Les postulats sur lesquels Cl. Lévi-Strauss (op. cit., p.232)
fonde l'analyse structurale des mythes sont les suivants:
1) "si les mythes ont un sens, celui-ci ne peut tenir aux éléments
qui entrent dans leur composition, mais à la manière dont ces
éléments se trouvent combinés;
2) le mythe relève de l'ordre du langage, il en fait partie
intégrante; néanmoins, le langage, tel qu'il est utilisé dans
le mythe, manifeste des propriétés spécifiques;
3) ces propriétés ne peuvent être cherchées qu'au-dessus du
niveau habituel de l'expression linguistique; autrement dit,
elles sont de nature plus complexe que celles qu'on rencontre
dans une expression linguistique de type quelconque."
- l'interprétation psychologique met l'accent sur le postulat
de symbolisation mythique = calcul psychologique, exprimé sous
une forme imagée, compromis effectué entre les désirs d'une
part, les complexes et les sentiments d'angoisse et de culpabilité
des individus d'autre part.
3. Conclusions possibles
- le mythe apparaît comme un récit signifiant autre chose que
lui-même.
- il concerne tous les aspects de l'existence et de la pensée
humaines, avec lesquels il peut être mis en rapport ; on pourra
alors l'envisager sous l'aspect d'un conditionnement de la pensée
(par sa fonction religieuse), ou d'une aide à la vie.

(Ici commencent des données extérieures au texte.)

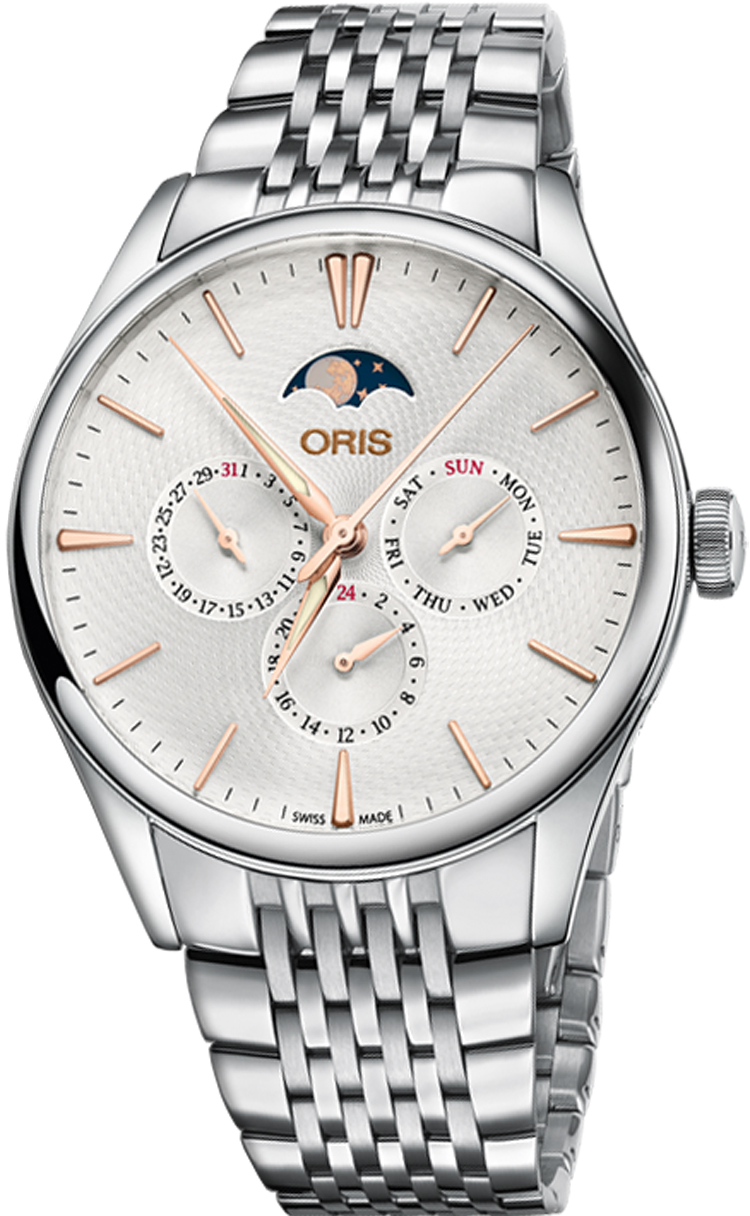 Oris Culture Self winding Automatic Silver Mens Watch 78177294031MB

- toute pensée, toute culture, toute époque, a ses mythes ;
le mythe exprimerait plus fondamentalement un besoin de sacralisation
de l'Autre, qui ne serait pas propre aux sociétés traditionnelles.
- Le Mythe du progrès... faut-il y croire ? quel progrès
désigne-t-on ?
Note. La question du mythe constitue l'un des problèmes
les plus complexes de l'anthropologie, en raison de ce "chaos
théorique" qui persiste ici : “Pour comprendre ce qu'est
un mythe, n'avons-nous donc le choix qu'entre la platitude et
le sophisme ? Certains prétendent que chaque société exprime,
dans ses mythes, des sentiments fondamentaux tels que l'amour,
la haine ou la vengeance, qui sont communs à l'humanité tout entière.
Pour d'autres, les mythes constituent des tentatives d'explication
de phénomènes difficilement compréhensibles : astronomiques, météorologiques,
etc. Quelle que soit la situation réelle, une dialectique qui
gagne à tous les coups trouvera le moyen d'atteindre à la signification."